***** Data for this exercise *****

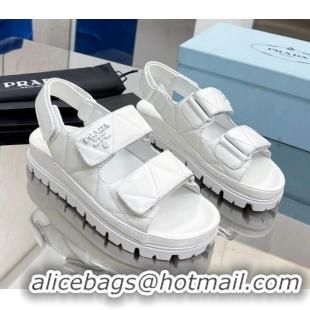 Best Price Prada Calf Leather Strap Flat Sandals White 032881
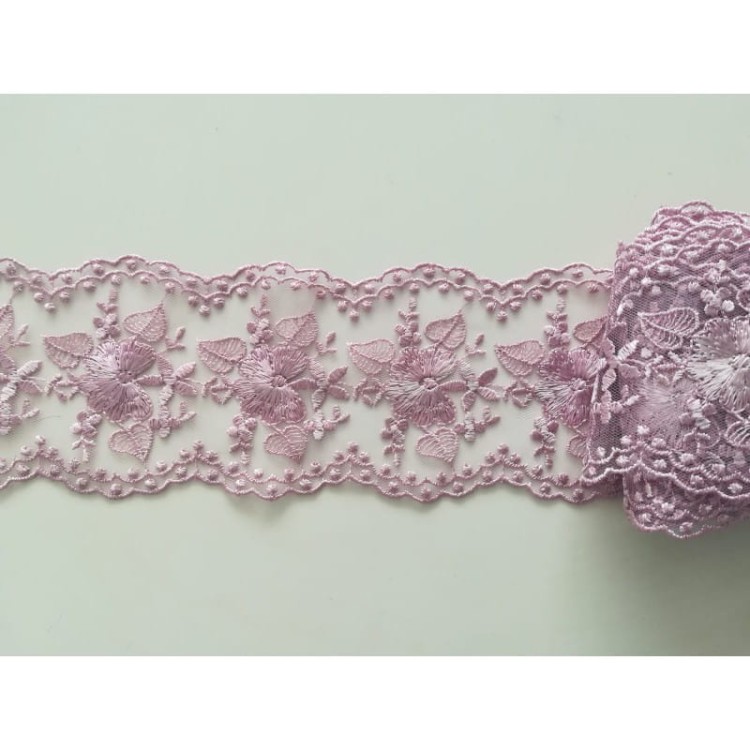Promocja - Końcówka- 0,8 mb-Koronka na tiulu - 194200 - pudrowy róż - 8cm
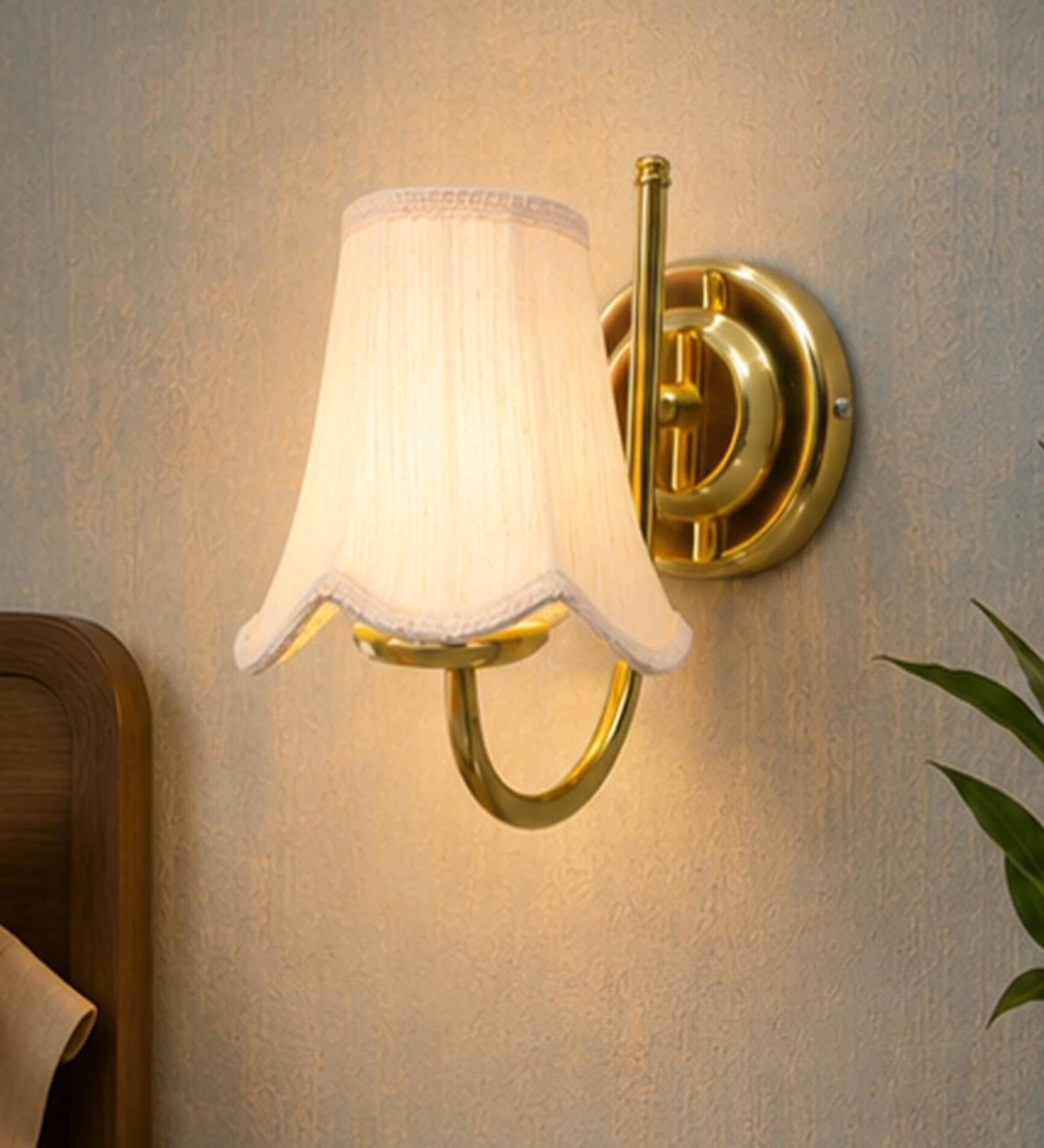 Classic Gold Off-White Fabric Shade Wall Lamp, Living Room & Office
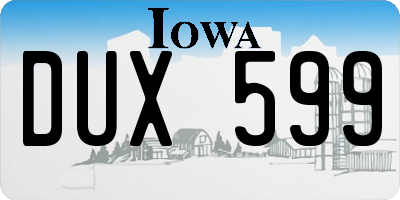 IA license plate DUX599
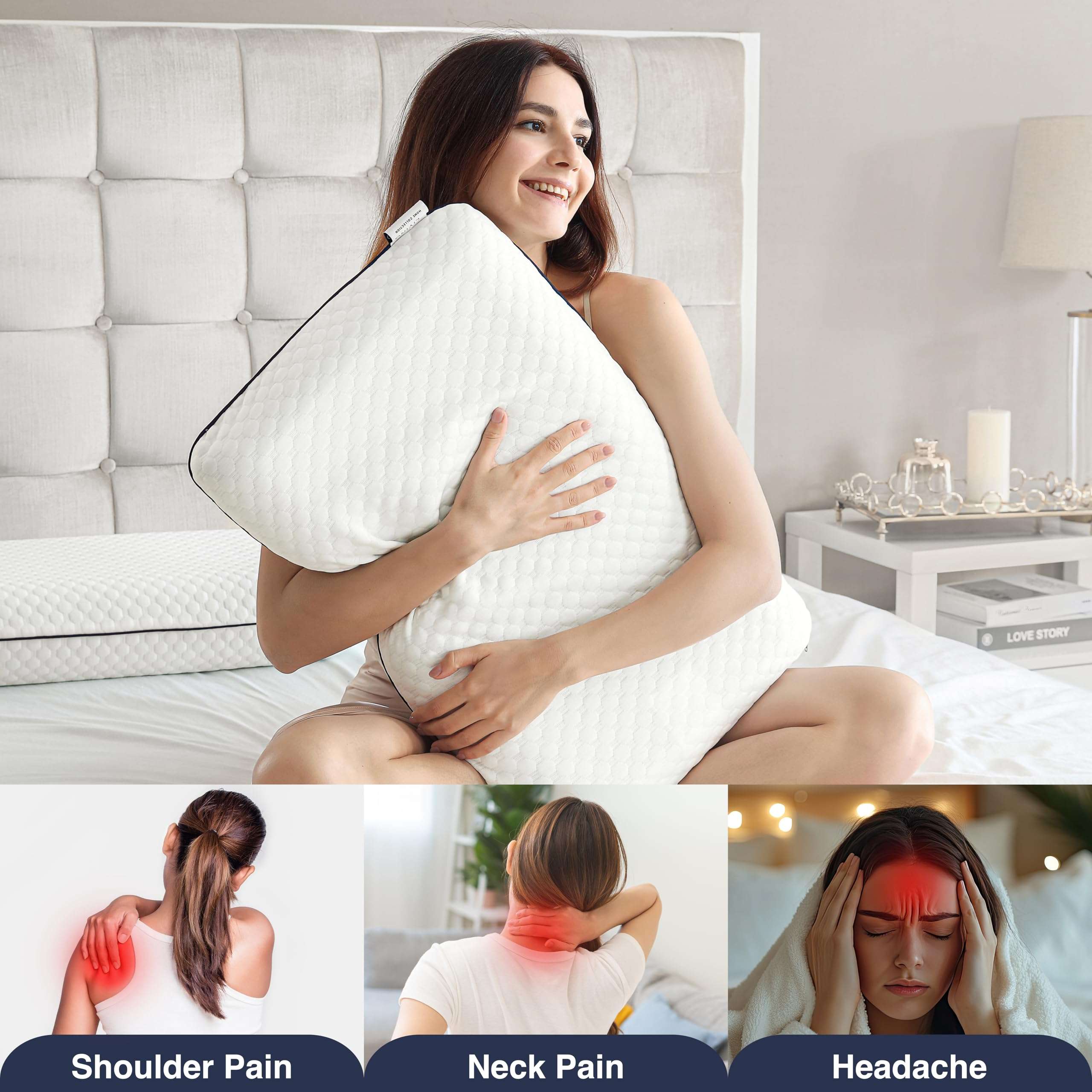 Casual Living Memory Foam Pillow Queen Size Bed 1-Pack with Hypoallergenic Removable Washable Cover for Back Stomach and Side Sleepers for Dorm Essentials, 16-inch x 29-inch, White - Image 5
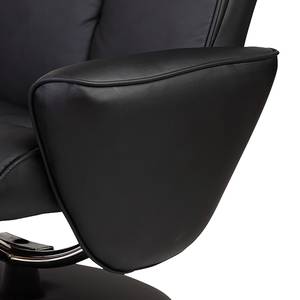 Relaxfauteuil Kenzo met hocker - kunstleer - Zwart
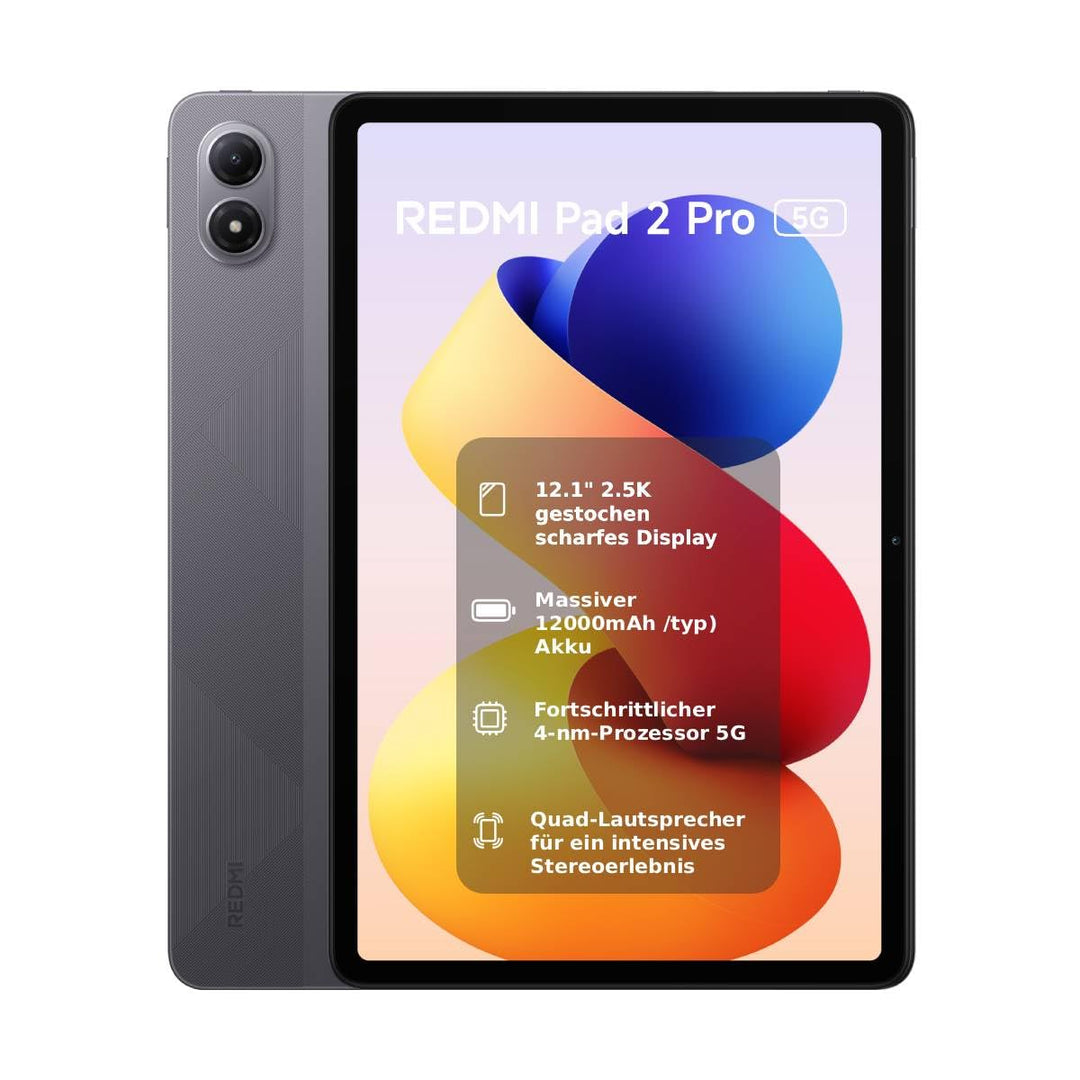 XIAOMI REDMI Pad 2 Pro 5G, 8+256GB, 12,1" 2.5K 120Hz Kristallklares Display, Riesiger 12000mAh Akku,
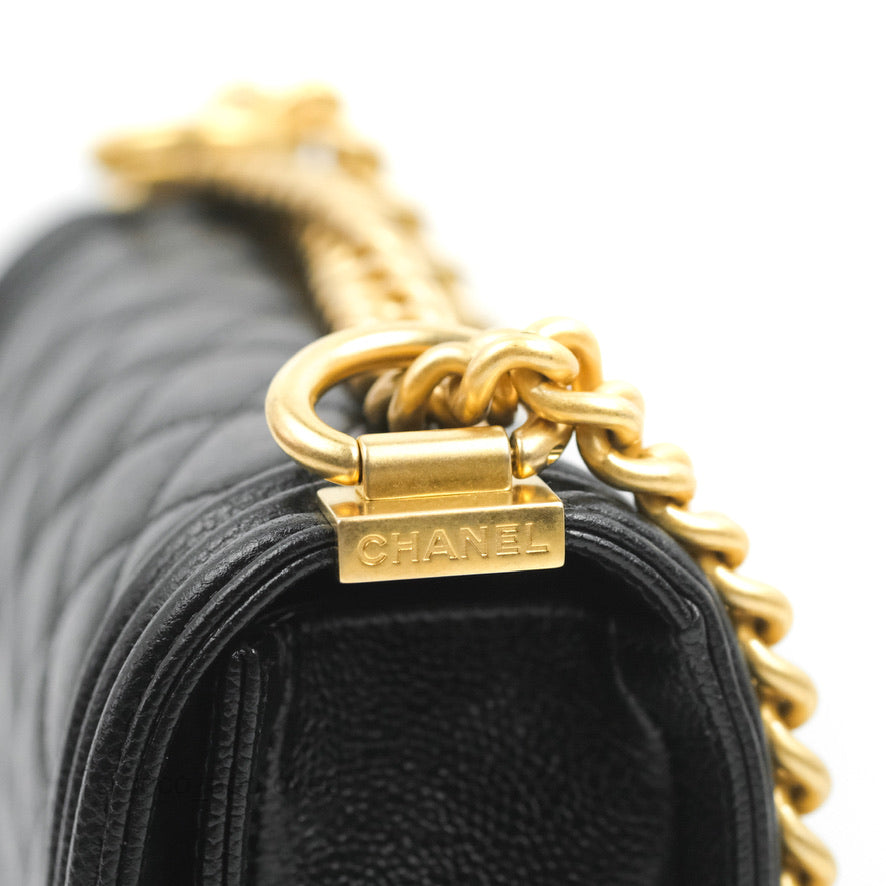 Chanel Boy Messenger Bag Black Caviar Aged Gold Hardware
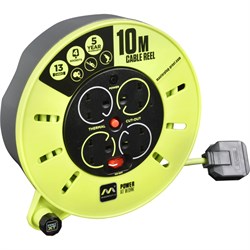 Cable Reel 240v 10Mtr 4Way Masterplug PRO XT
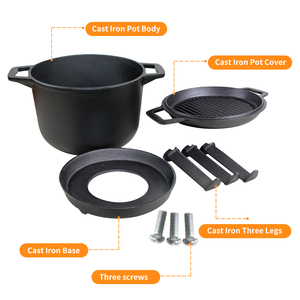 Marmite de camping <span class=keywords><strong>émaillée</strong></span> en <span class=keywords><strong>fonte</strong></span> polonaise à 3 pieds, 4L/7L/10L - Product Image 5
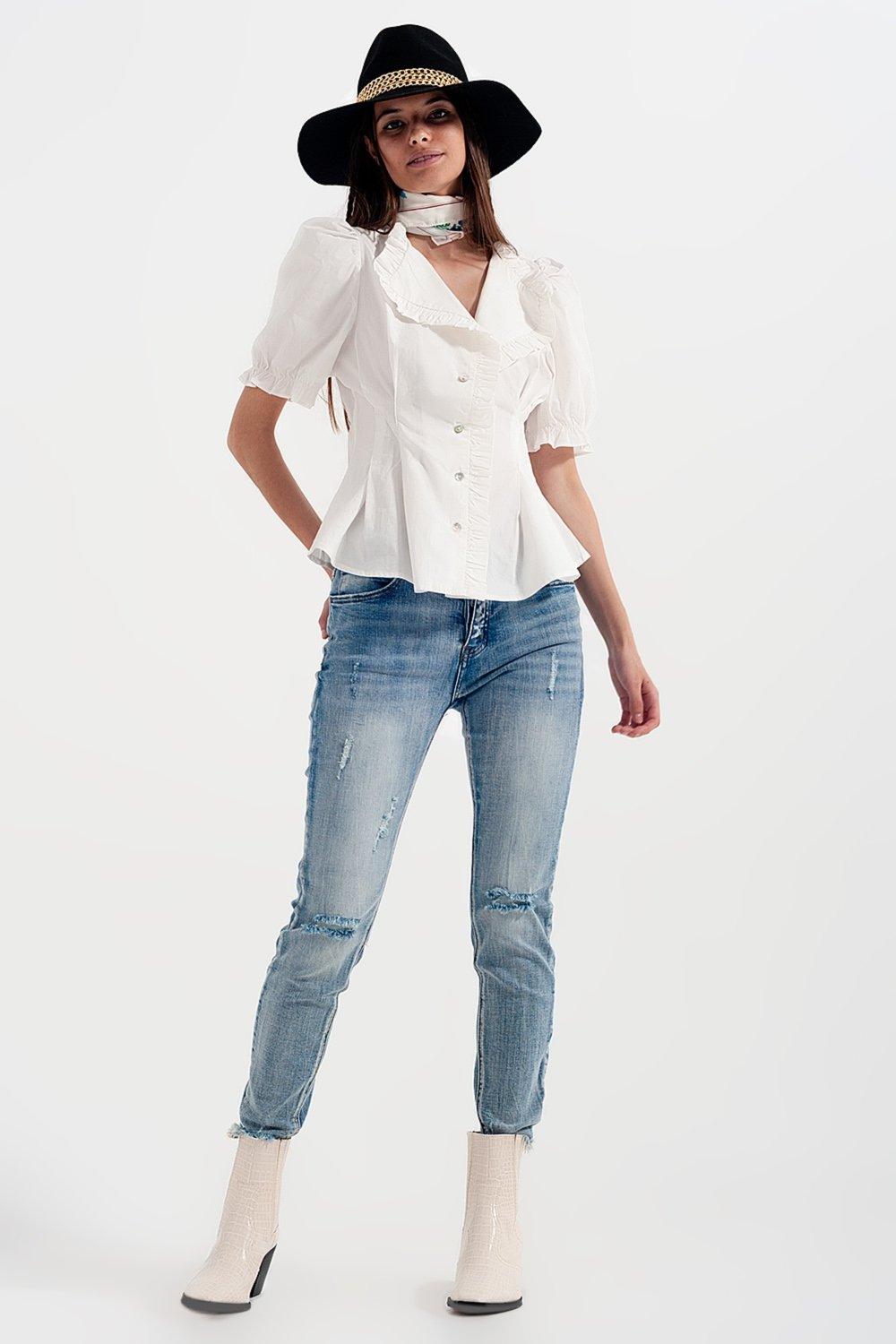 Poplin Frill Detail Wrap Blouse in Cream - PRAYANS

*****

# Task details
Any images must be left out; transcribe the rest of the material exactly.

# Answer to this problem
 Best Price Prada Calf Leather Strap Flat Sandals White 032881
Promocja - Końcówka- 0,8 mb-Koronka na tiulu - 194200 - pudrowy róż - 8cm
 Classic Gold Off-White Fabric Shade Wall Lamp, Living Room & Office
 IA license plate DUX599
 Casual Living Memory Foam Pillow Queen Size Bed 1-Pack with Hypoallergenic Removable Washable Cover for Back Stomach and Side Sleepers for Dorm Essentials, 16-inch x 29-inch, White - Image 5
 Relaxfauteuil Kenzo met hocker - kunstleer - Zwart
 XIAOMI REDMI Pad 2 Pro 5G, 8+256GB, 12,1" 2.5K 120Hz Kristallklares Display, Riesiger 12000mAh Akku,
 Chanel Boy Messenger Bag Black Caviar Aged Gold Hardware
 Cable Reel 240v 10Mtr 4Way Masterplug PRO XT
 Marmite de camping <span class=keywords><strong>émaillée</strong></span> en <span class=keywords><strong>fonte</strong></span> polonaise à 3 pieds, 4L/7L/10L - Product Image 5
 Poplin Frill Detail Wrap Blouse in Cream - PRAYANS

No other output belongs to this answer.